De Cotret sees an opportunity to take action now given the “unprecedented” level of agreement across all levels of government that transportation problems must be dealt with since congestion hurts competitiveness.
Even the auto sector knows it’s not business as usual, she said, as research has shown ride sharing and car sharing make car ownership less attractive to younger people.
But instead of pitting private cars against public transit, there’s a shift toward making both private and public options part of mobility solutions.
Based on Deloitte’s global research, cities that best advance their transportation goals are ones with a clear vision and alignment between transit operators and policy-makers.

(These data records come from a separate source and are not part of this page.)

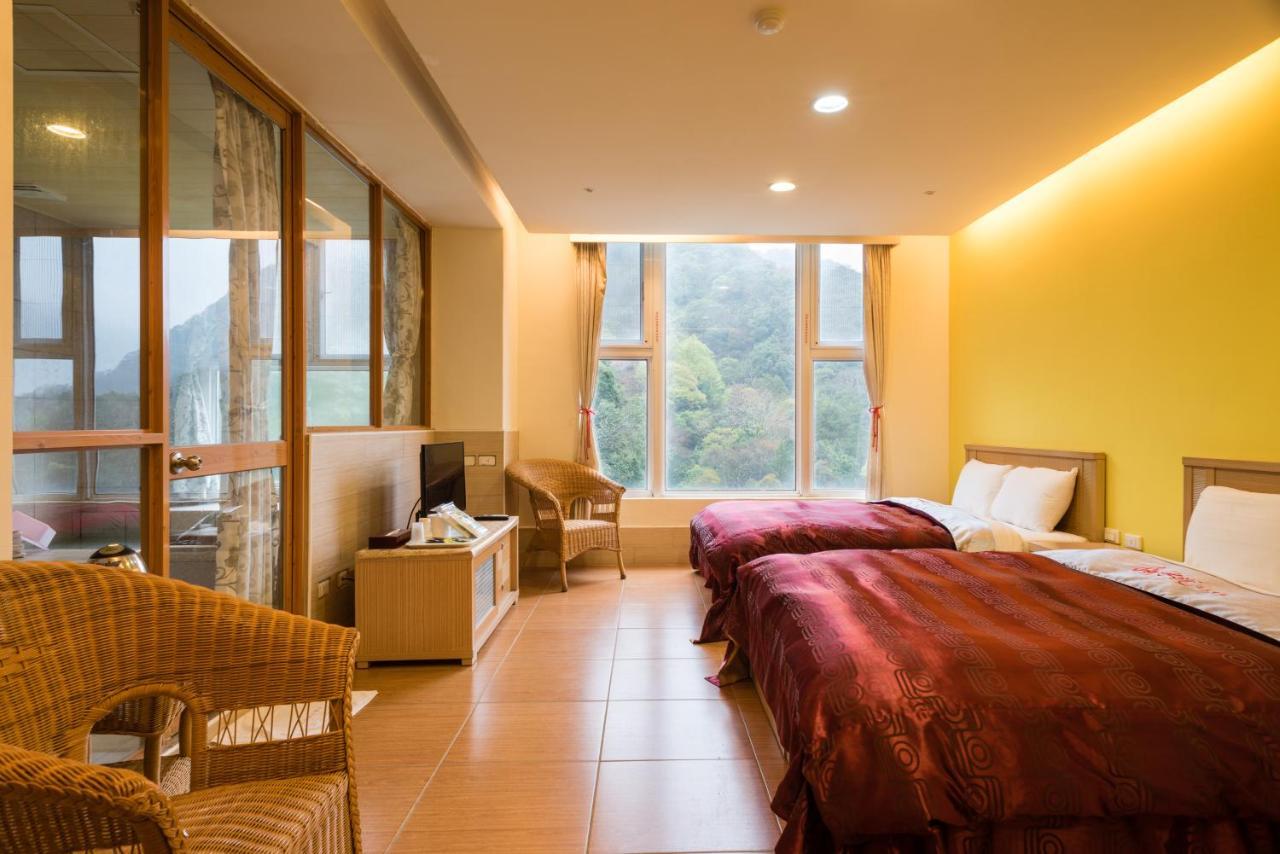 Crystal Hotel เหรินอ้าย ภายนอก รูปภาพ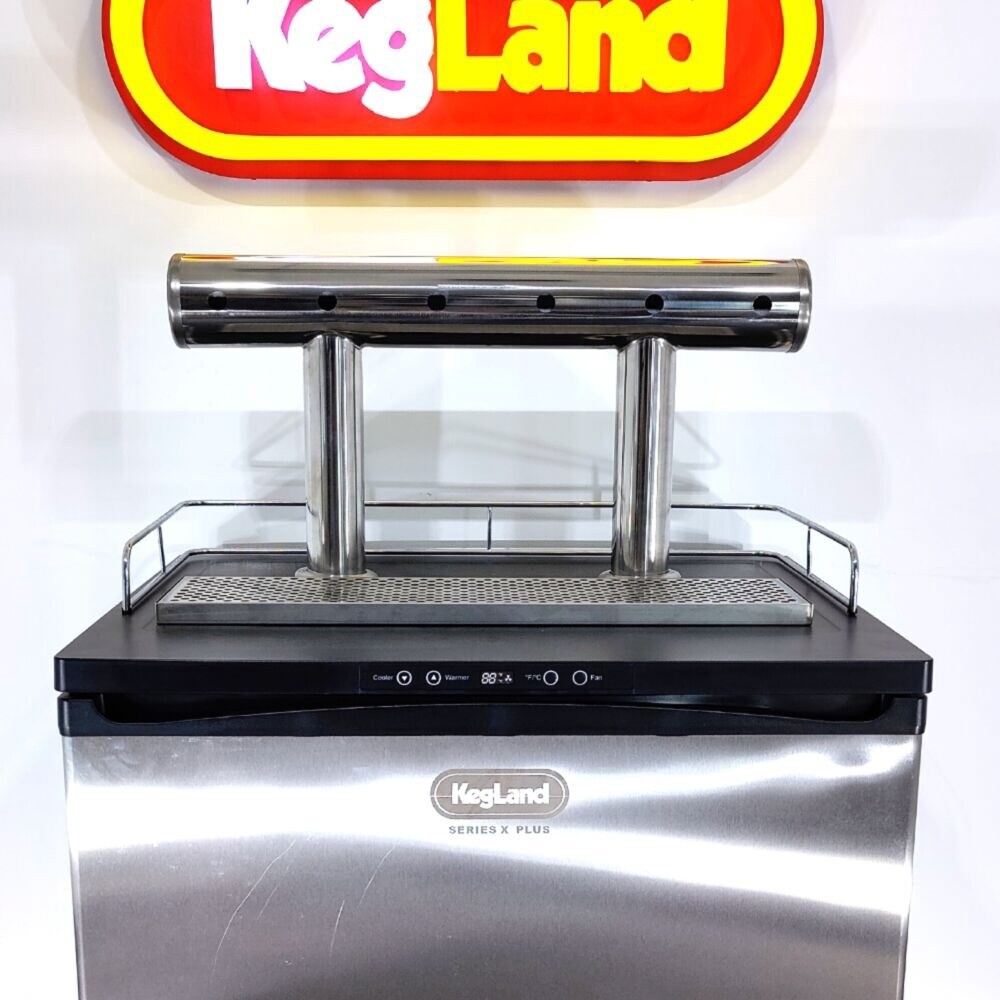 Six Tap Tee Bar Font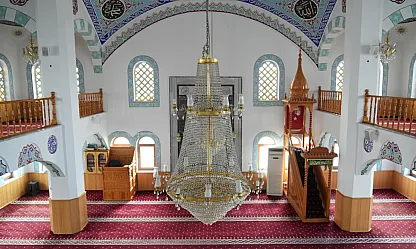 İlk Teravih Öncesi Yoğun Mesai: Battalgazi'deki İbadethaneler Ramazan'a Hazırlanıyor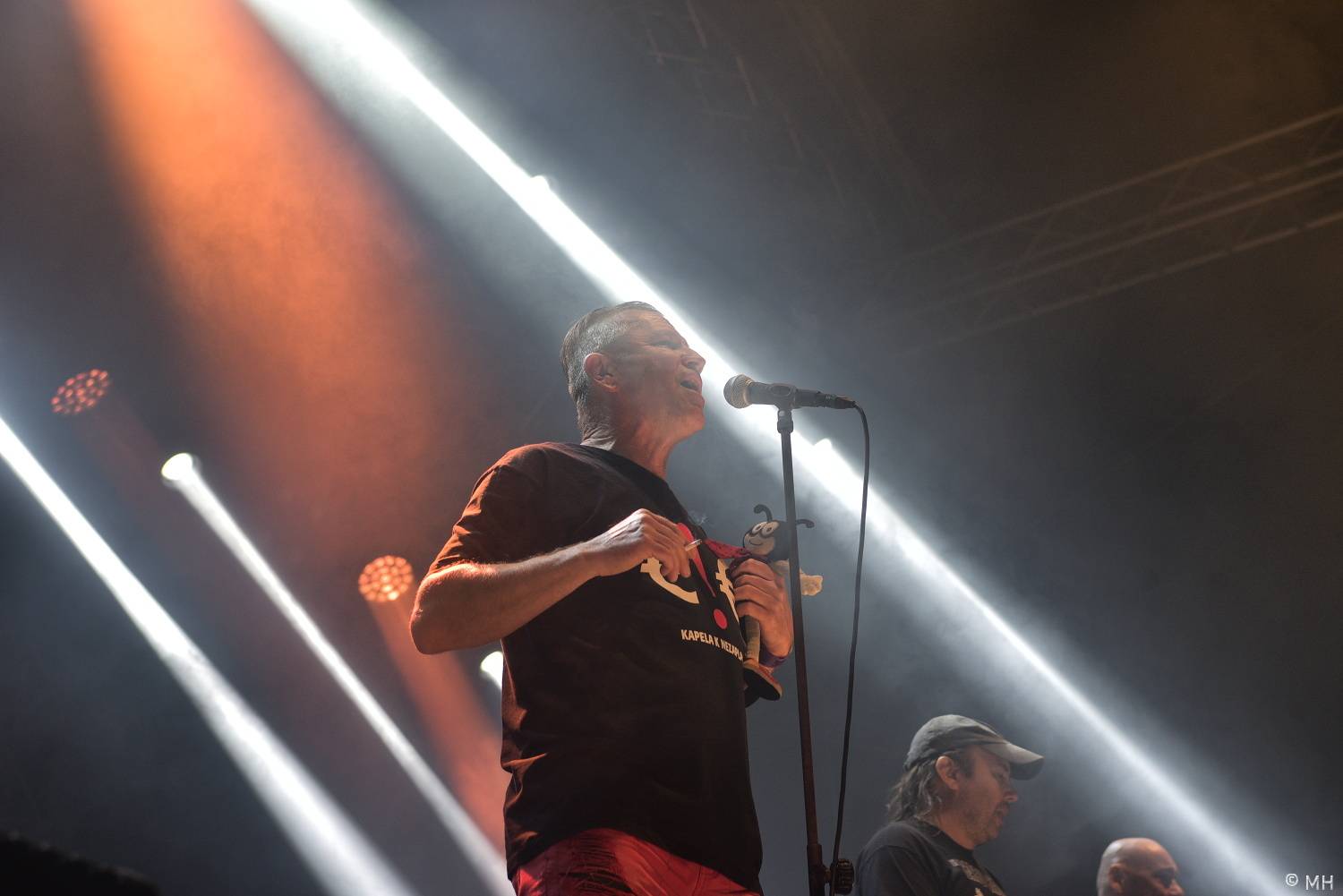 Pekelný ostrov se po dvou letech probudil do pořádného pekla. Hráli Vypsaná fiXa, Traktor i Dymytry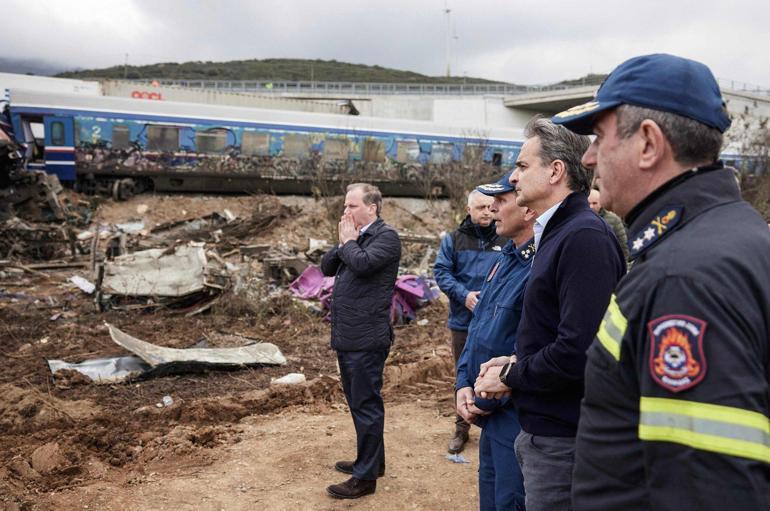 Komşu bu skandal ile çalkalanıyor... Yunanistanı sarsan tren faciasında korkunç iddia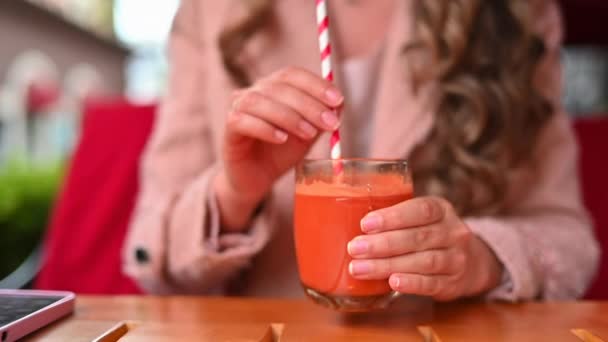 Frau Trinkt Frischen Karottensaft Auf Restaurantterrasse — Stockvideo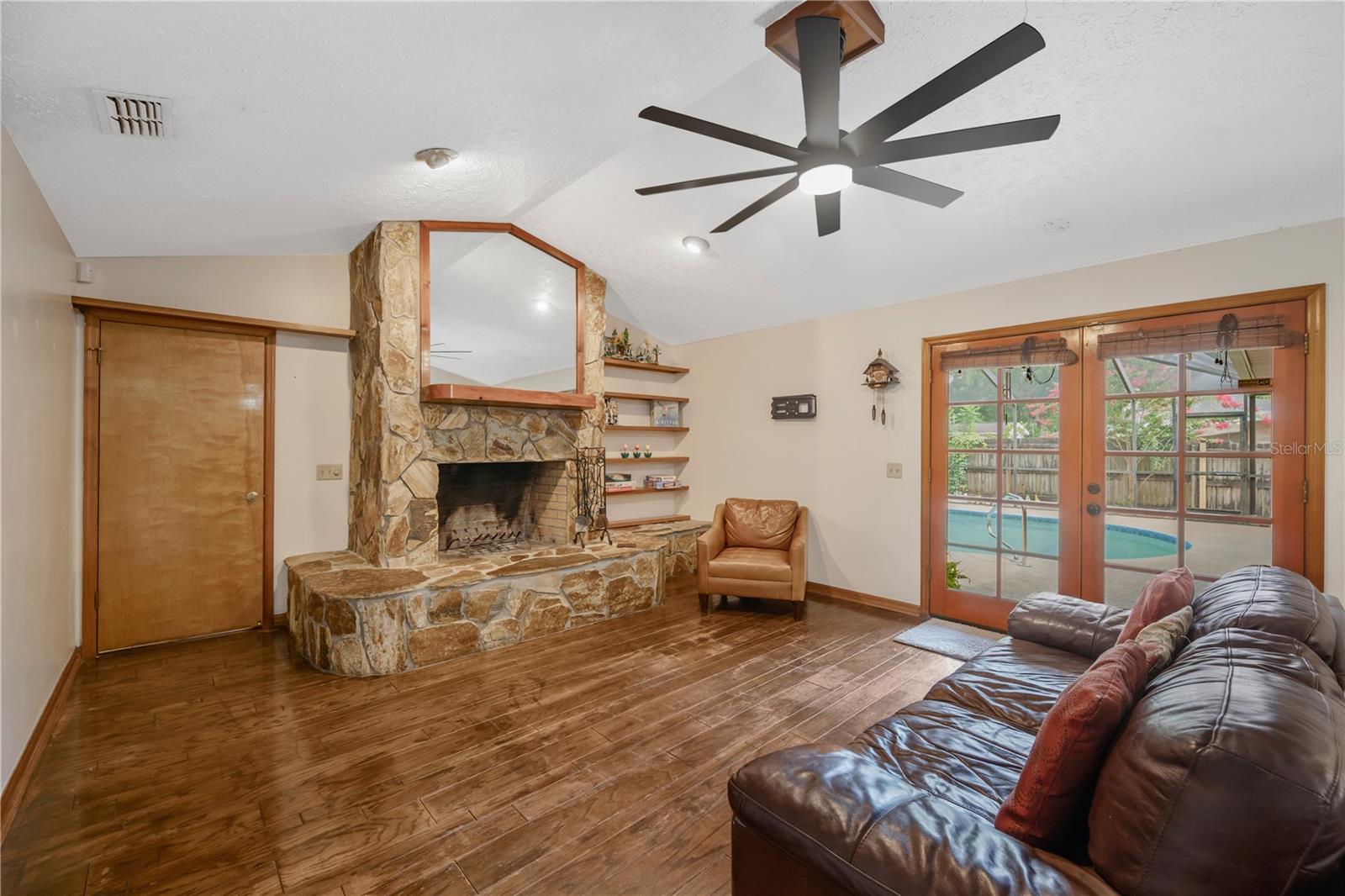 2109 Wheeler Oaks Dr Property Photo 3
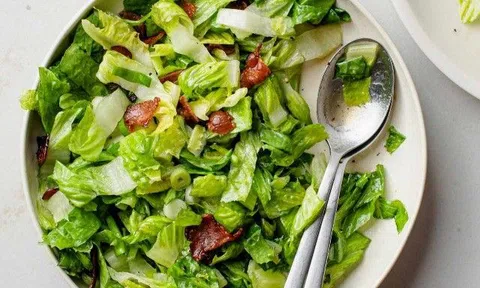 Loại rau là "thần dược" của giấc ngủ, mọc đầy vườn nhưng nhiều người chê vị ngái chẳng mấy khi ăn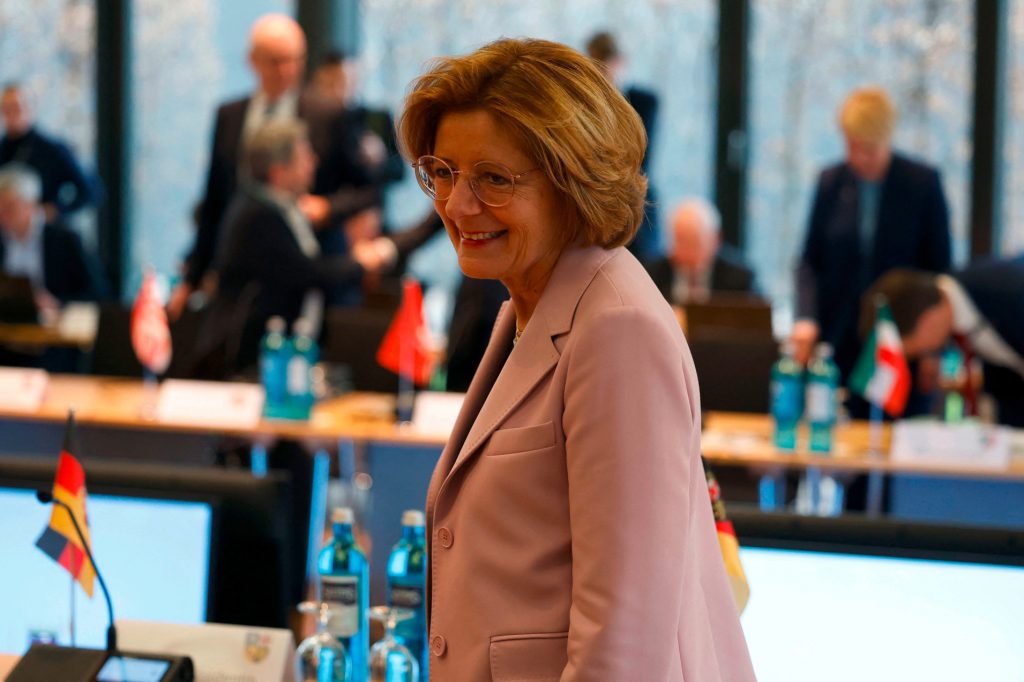 Deutschland / Eine Frau im Schloss Bellevue: Diskussionen über das nächste Staatsoberhaupt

“The one thing I don’t think we as a nation can afford in our major urban centres today is to get disrupted by misalignment between government constituencies on the fact we have a problem to solve,” de Cotret said.
The problem is as political as it is personal. Canada and North America, in general, are car-centric cultures where people are accustomed to using the roads for “free,” overlooking the infrastructure and maintenance costs that are baked into taxes.
But, most of all, people value time, and driving remains the fastest way to travel for the majority of commuters, according to Statistics Canada’s 2016 census data. On average, it’s 20 minutes faster to travel by car, truck or van to work than it is to hop on public transit.
It takes an average of 24 minutes to drive to work in a private vehicle, versus a 44-minute trip on a crowded bus or subway, so it’s no wonder three-quarters of Canadian commuters grab their car keys. Sure, biking or walking is on average 10-15 minutes faster than driving in the biggest cities, but only seven per cent of people commute using active transport.
Yet we also collectively ignore how we personally slow down the road network when we get in a car.
“Motorists perceive themselves as the victims of congestion,” Transport Canada mulled in a 2006 report (based on data from 2002), the last time the federal government attempted to quantify nationwide congestion costs.
Back then, the federal agency pegged the cost of typical dayto-day congestion, unanticipated delays such as accidents or construction, incrementally wasted fuel and greenhouse-gas emissions at a combined $4.4 billion to $6.7 billion.
According to a 2008 Metrolinx report using 2006 data, the annual estimated cost to the Greater Toronto Area is about $6 billion, with that figure expected to balloon to $15 billion by 2031. In 2013, C.D. Howe Institute estimated an additional regional cost of $1.5 billion to $5 billion because congestion can prevent people from taking trips that otherwise could have resulted in collaboration or productivity.
Given the range of estimates, existing data on cumulative costs may be unsatisfying, but it’s clear that congestion costs the economy billions of dollars annually, and it’s only going to get worse as the population grows.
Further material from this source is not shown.